Los estadios más antiguos de los pueblos de lenguas semitas en el Antiguo Oriente atestiguan el uso de esta metáfora, que en la Biblia hebrea se refiere también a la relación entre Yahvé y su pueblo, al que conduce a través del desierto (Ps. 77:21). Jacob habla de Yahvé como su pastor y el de Israel, indicando la soberanía política que reflejaba el concepto en el contexto cultural del antiguo Oriente. Numerosas son las referencias no solo a Dios (Ps. 23, 95) sino también al líder carismático o rey como pastor del pueblo en el Antiguo Testamento: el patriarca Abraham es pastor y también el héroe arquetípico que representa Moisés, pastor de su pueblo en pos de una tierra prometida, como si fuera un rebaño buscando nuevos pastos, por no hablar del rey David, epítome de las virtudes del buen gobernante (2 Sa. 5:2; 7:7–8).

Esta metáfora, por supuesto, será posteriormente consolidada por el cristianismo cuando los Evangelios perfilen a Cristo insistentemente como pastor de un rebaño que alude a la comunidad o asamblea del señor (“ekklesía”), con un interesante matiz político en el griego neotestamentario. La imagen del Buen Pastor sintetiza dos herencias, como el discurso de Jesús acerca durante la fiesta de los tabernáculos recuerda toda la tradición del Antiguo Testamento, con la peregrinación de Israel en el desierto bajo la guía de su Dios-Pastor, pero inaugura a la par una nueva etapa en la conjunción con el elemento helénico, pues también los griegos habían usado la metáfora política del pastoreo.

También Homero en la «Ilíada» se refiere así al máximo magistrado del campamento aqueo: «Los reyes portadores de cetro se levantaron, obedeciendo al pastor de hombres, y la gente del pueblo acudió de prisa. Tal y como de la grieta en un peñasco salen sin cesar enjambres de abejas, que vuelan arracimadas sobre las primaverales flores y unas revolotean a este lado y a otras a aquél, así las numerosas familias de guerreros marchaban en grupos, por la baja ribera, desde las naves y tiendas a la asamblea» (II 84 ss.).
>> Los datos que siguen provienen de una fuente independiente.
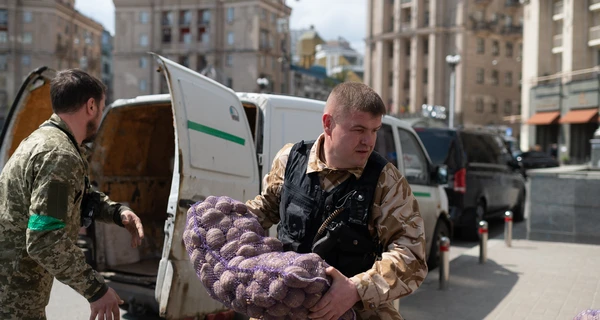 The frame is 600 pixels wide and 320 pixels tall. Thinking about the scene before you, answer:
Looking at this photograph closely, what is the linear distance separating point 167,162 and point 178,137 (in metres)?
2.95

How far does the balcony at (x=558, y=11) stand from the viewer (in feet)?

En efecto, ante la ínclita ciudadela de Troya se reúne una heteróclita reunión de caudillos griegos de muy diversas ciudades-estado que son comandados por Agamenón, que a veces lleva el epíteto precisamente de «pastor de pueblos». Y es que ya desde la épica homérica se encuentra entre los griegos la metáfora del pastor que conduce a su grey a la guerra o por los senderos de la no siempre sencilla paz en la propia comunidad política. Muchos héroes míticos son pastores e incluso algunos textos clave del pensamiento político griego debaten sobre este motivo.

El más importante es el «Político» de Platón, que discute el modelo para definir cabalmente al gobernante: una de las propuestas que incluye, aunque al final no prospera, es la del político como pastor (258b-268d): «¿No era la política una de estas artes de educar los numerosos rebaños que hemos considerado? [...] Por eso la hemos definido el arte de educar en común, no caballos u otras bestias, sino hombres». El diálogo solo aplica la idea a una edad dorada, la mítica era de Crono, cuando el universo era guiado por la divinidad. Por eso, al final, no resulta una definición apropiada para el político de una edad en la que los gobernantes son semejantes a los gobernados.

Ha quedado como una reliquia de tiempos pasados, acaso autocráticos, y, sin embargo, esta antigua analogía será utilizada también en el alba de las democracias modernas, cuando la antigüedad clásica y bíblica y sus respectivos modelos políticos experimenten la apasionante simbiosis de la Revolución norteamericana, génesis de nuestros sistemas actuales. Alexis de Tocqueville, en su «Democracia en América», la usa críticamente para hablar de la tendencia política en aquel joven Estado que es «una suerte de servidumbre, ordenada, suave y apacible [...], un poder singular, tutelar [...] que no quebranta las voluntades, pero las aplaca, las doblega y las dirige [...] y, en fin, reduce a cada nación a no ser más que un rebaño de animales tímidos e industriosos, donde el gobierno es el pastor» (II 4.6).